The recent P450 chip with Affy and Roche, the company XDX [which has a] new diagnostic [...], Genomic Health — there are a lot of diagnostics built around these these new technologies that are beginning to make their way into the marketplace. And while priced more like a pharmaceutical than historically like the diagnostics have been priced, [they] are enormously more valuable in the context of cost efficiency.
Do you see any signs that payors are seeing pharmacogenomics and its related diagnostics as cost-efficient things to do?
Absolutely. And they have the economic incentive to apply them wherever they can, if they believe that it can either improve quick care or reduce costs.
What are some of those signs?
If you go to Kaiser, you can identify cancer earlier than we do today. So, you’re now waiting for a patient to present themselves with stage-IV problems, but you know you’ve got some abnormal cell growth early, and that tells you you have a pre-cancerous and early cancer condition, that if we did certain things, we can deal with it .

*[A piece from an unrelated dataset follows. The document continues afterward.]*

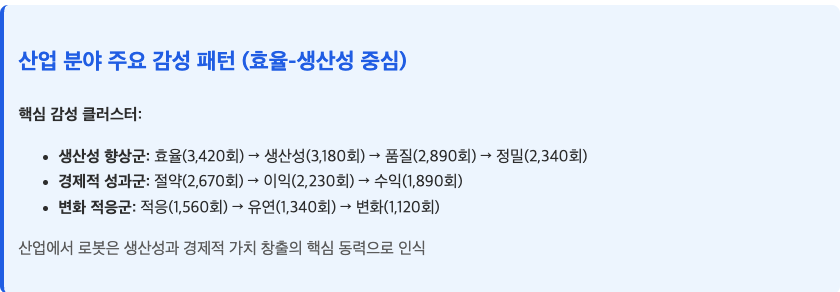 스크린샷 2025-09-22 오전 11.11.17.png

The cost effectiveness of this could be extraordinary.
So the payor, somebody like CMS at a government level, or somebody like Kaiser at an industrial level, has every incentive in the world to spend money for things that are going to reduce the overall cost.
The place it doesn’t work is if the cost-benefit is outside the patient population, or outside the time you’re going to have that patient. So, if you’re going to only have patients — on average — five years in your program, and the benefits are in year 15, that’s probably not going to be done.

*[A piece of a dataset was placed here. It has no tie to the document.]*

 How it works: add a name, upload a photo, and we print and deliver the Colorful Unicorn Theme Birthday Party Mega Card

But if you take a Kaiser plan, where most people by and large are in forever, or at least for the long term, or you take an employer-driven plan, where they’re assuming these people are with them, there’s a lot of incentive on the part of those payors to apply all of this technology.
And heretofore, we didn’t really have a technology that was applicable.
Do expensive tests face different pressures in the face of expensive drugs?
I do think that the mix of costs will be important, my belief is that the relative value of diagnostics will go up dramatically, and the value of therapeutics come down. If you stipulate for a minute that you live in a world where therapeutics are high-value, high-margin products and diagnostics are low-value, commodity-based products, I think that relative value would change fairly dramatically.
If it’s a diagnostic that’s going to identify the patient responders, or a diagnostic that’s going to tell you whether there’s compliance, and it’s working, and it’s a diagnostic that the payor is going to be able to use to make sure that you’re a responder and it’s going to be an effective treatment, you’ve got to believe that these new molecular diagnostics are going to come into the world with a very different value proposition than they have historically. So, I see examples of that coming into the market place today, where you see diagnostics — are they going to end up with therapeutic-like margins?
You just launched a new $300 million–$500 million biotechnology fund called Life Science Captial Fund III. How much of this will go to Pharmacogenomics-related businesses?
Well, the focus of this fund is in the sickness-to-wellness paradigm, and I’m kind of a passionate bigot about this move to personalized medicine, and then to preventative and predictive care. So, my guess is that we will apply a large amount of that in that space.
So, this isn’t going to be a fund that funds all the late clinical development compounds in the hope that there’s some value building as we go from Phase 2-b into 3, or something like that — it will be more broadly applied across that changing world of medicine.
We’re going to invest roughly $15 million–$20 million per company, with $7 million–$10 million in the first round, and you put an equal amount in your back pocket and support the company later on.
We’re probably going to do very little in the services area; we historically haven’t done much in the pure-play informatics area — but that gets a little fuzzy as you get to pharmacogenomics — but we are going to be investors in technologies that are important enablers of this change.